In the LDM, diffusion occurs in the latent space of an auto-encoder. The fine-tuning process modifies the decoder (D) to produce images containing a given message (m), which W can extract without altering the diffusion process. A fixed signature (m) is embedded in the images by fine-tuning D into Dm, using the LDM encoder to create a latent vector (z) and the decoder to reconstruct an image. The message loss is the binary cross entropy (BCE) between the extracted message and the original, while the perceptual loss controls image distortion. The fine-tuning process is rapid, taking less than a minute on a single GPU, and involves optimizing the weights of Dm over 100 iterations to minimize the combined message and perceptual loss.

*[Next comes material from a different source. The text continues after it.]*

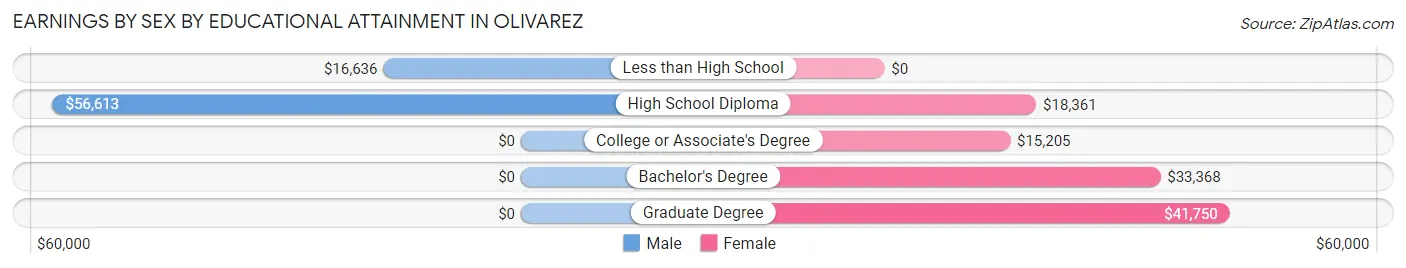 Earnings by Sex by Educational Attainment in Olivarez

Stable Signature: Effective Watermarking
The experimental results section thoroughly evaluates the efficacy of a stable signature for embedding watermarks in generated images across various generative tasks and scenarios. Firstly, the method's versatility is highlighted as it seamlessly integrates with the LDM decoder, making it applicable to diverse tasks such as text-to-image generation, image editing, super-resolution, and inpainting. Evaluation metrics like peak signal-to-noise ratio (PSNR), structural similarity index (SSIM), and Frechet inception distance (FID) are employed to assess image quality and distortion caused by the watermarking process.

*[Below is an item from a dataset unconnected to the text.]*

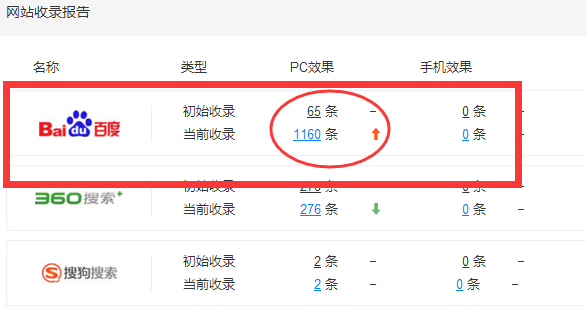 官网关键词点击排名软件,助力网站优化的必备工具插图 官网关键词点击排名软件,助力网站优化的必备工具插图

Secondly, the qualitative impact of a stable signature on image generation is demonstrated through examples that show minimal perceptual differences between watermarked and original images. Despite modest PSNR values and the absence of constraints specific to human visual systems, the method effectively embeds watermarks in textured areas, preserving uniform backgrounds. This nuanced approach ensures that the embedded signatures remain inconspicuous to human observers while achieving robust watermarking.
Lastly, the robustness of the watermarking method is evaluated across various image transformations and tasks. Results indicate high bit accuracy in watermark extraction, demonstrating resilience to cropping, brightness adjustments, and joint photographic experts group (JPEG) compression transformations. Furthermore, comparisons with post-hoc watermarking methods highlight stable signature efficiency and security in embedding watermarks during the image generation process rather than afterward, ensuring minimal impact on image quality.
These findings underscore the stable signature's effectiveness in embedding robust watermarks into generated images while maintaining high-quality visual outputs across diverse generative tasks and challenging scenarios.
Conclusion
To sum up, by fine-tuning the LDM decoder, imperceptible watermarks were seamlessly embedded into all generated images while preserving the integrity of the diffusion process. This approach was compatible with various LDM-based generative models and enabled effective detection and user identification from generated images with high accuracy. It highlighted the advantages of watermarking over passive detection methods in deploying image generative models publicly. The code for reproducibility was available at github.com/facebookresearch/stable signature, and the method's environmental impact was relatively low, estimated at approximately 10 tons of CO2eq emissions for the experiments conducted.
*Important notice: arXiv publishes preliminary scientific reports that are not peer-reviewed and, therefore, should not be regarded as definitive, used to guide development decisions, or treated as established information in the field of artificial intelligence research.